The usual top trending item is Andy Borowitz trying to figure out what satire is (he still hasn't.)  And between the Reddit critiques of Thomas the Tank Engine's crimes against social justice and the insane rants about Trump, the New Yorker is trying to outdo the remnants of the New Republic in a race to the bottom.

Helping out is Masha Gessen with the claim that Kelly's rejoinder to Congresswoman Wilson's tantrum was some sort of precedent for a military coup.

Consider this nightmare scenario: a military coup. You don’t have to strain your imagination—all you have to do is watch Thursday’s White House press briefing, in which the chief of staff, John Kelly, defended President Trump’s phone call to a military widow, Myeshia Johnson. The press briefing could serve as a preview of what a military coup in this country would look like

"Well that escalated quickly" is basically every media article about Trump.

Still this one escalated really quickly.

Argument 1. Those who criticize the President don’t know what they’re talking about because they haven’t served in the military. 

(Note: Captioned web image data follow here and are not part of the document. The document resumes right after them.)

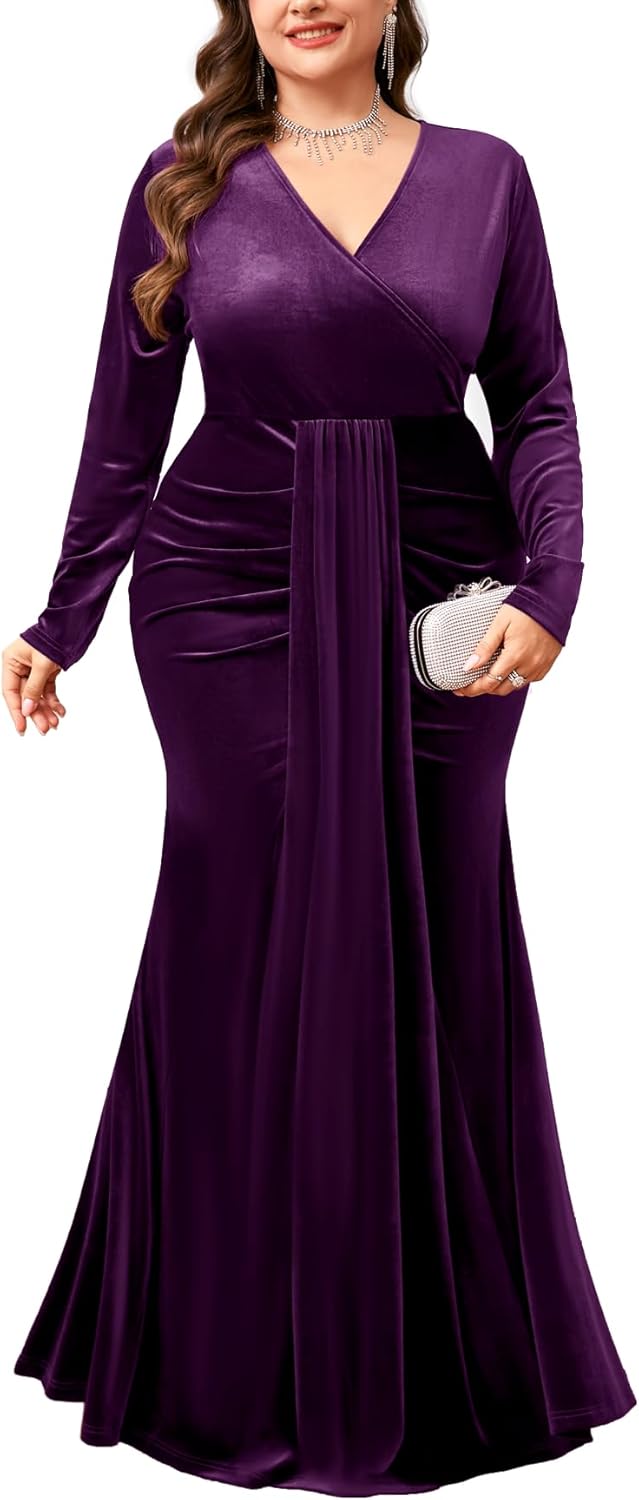 ZOMVA Plus Size Velvet Wrap Dress Long Sleeve V Neck Mermaid Maxi Formal Evening Gowns for Wedding Guest Cocktail Party
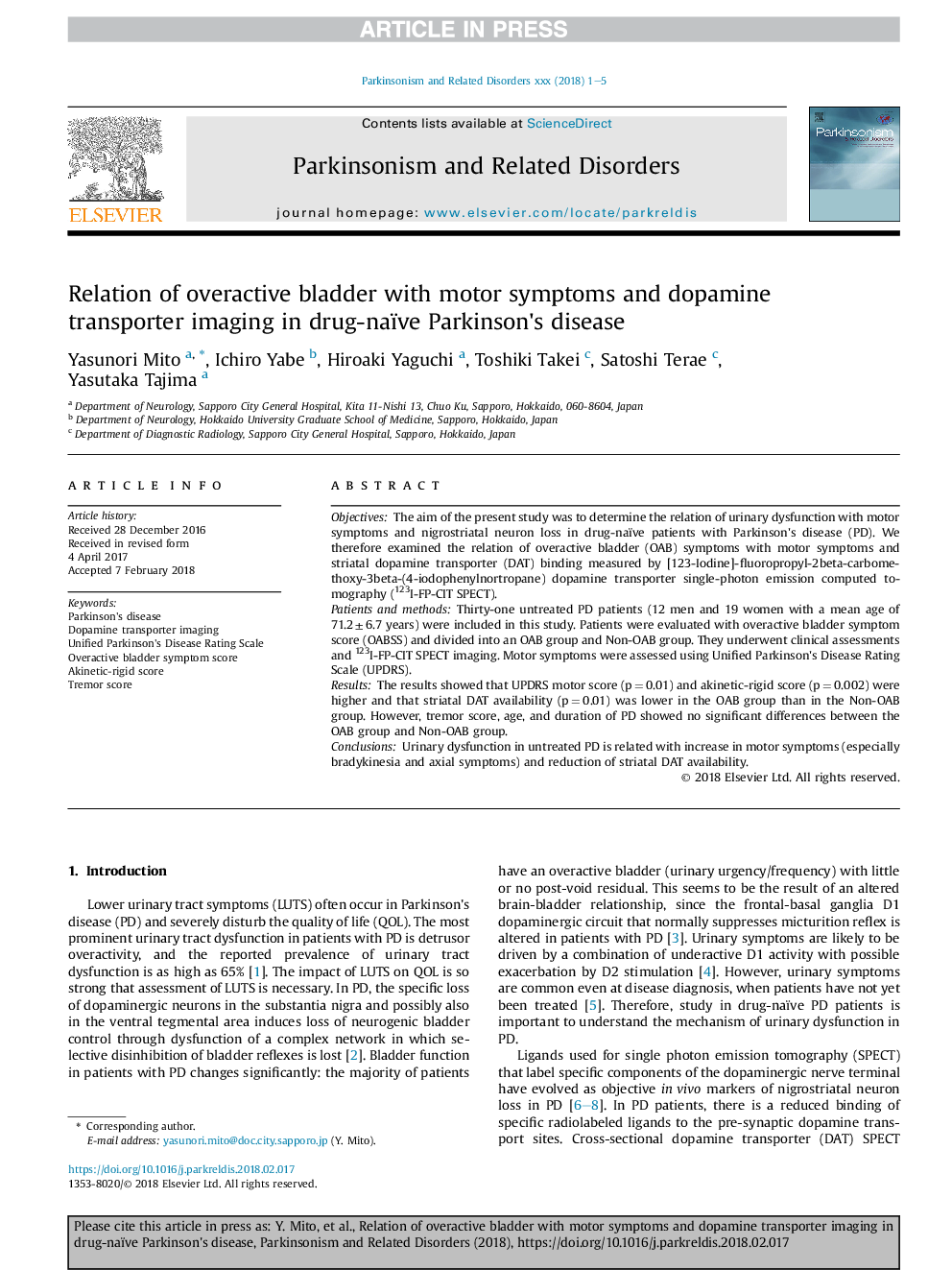 Relation of overactive bladder with motor symptoms and dopamine transporter imaging in drug-naïve Parkinson's disease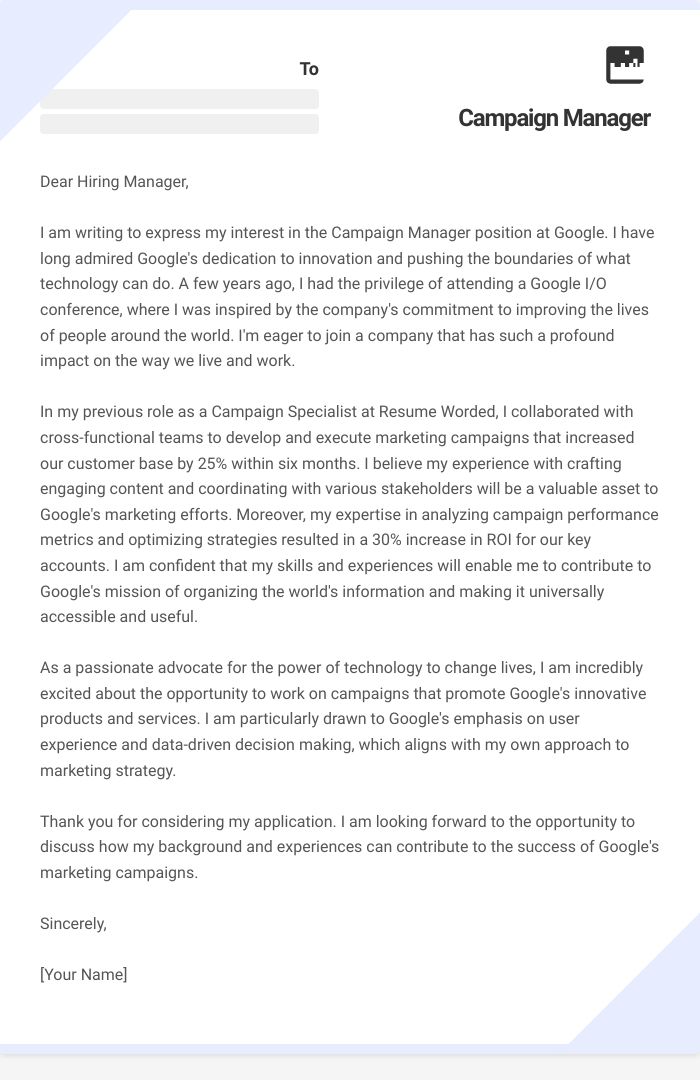 Campaign Manager Cover Letter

They don't know what they're talking about in this particular area because it involves military service. Much as I wouldn't begrudge New Yorker writers and editors their expertise on the subject of taking so much cocaine they imagine themselves in another galaxy.

If serving in the military doesn't give you the authority to speak about serving in the military... what does? (Besides working on shoveling out progbait at the New Yorker.)

Fallen soldiers, Kelly said, join “the best one per cent this country produces.” Here, the chief of staff again reminded his audience of its ignorance: “Most of you, as Americans, don’t know them. Many of you don’t know anyone who knows any of them. But they are the very best this country produces.”

The one-per-cent figure is puzzling. The number of people currently serving in the military, both on active duty and in the reserves, is not even one per cent of all Americans. 

This is not a joke. This is the New Yorker. If you buy it or subscribe to it, the joke's on you.

The number of Americans killed in all the wars this nation has ever fought is indeed equal to roughly one per cent of all Americans alive today. This makes for questionable math and disturbing logic. It is in totalitarian societies, which demand complete mobilization, that dying for one’s country becomes the ultimate badge of honor. 

It's in all societies. Except Berkeley.

Now he seemed to be saying that, since he was sent in to control the President and the President had, this time, more or less carried out his instructions, the President should not be criticized.

The President should not be criticised for disrespecting the military and the sacrifice of a soldier because he was following the advice of a general who had lost a son.

Is Gessen really unable to understand the fundamental flaw in the logic of obsessively generalizing from relevant specific cases, discarding the context and shouting, military coup? 

And if so, neither do her editors or readers. This is what the left looks like now.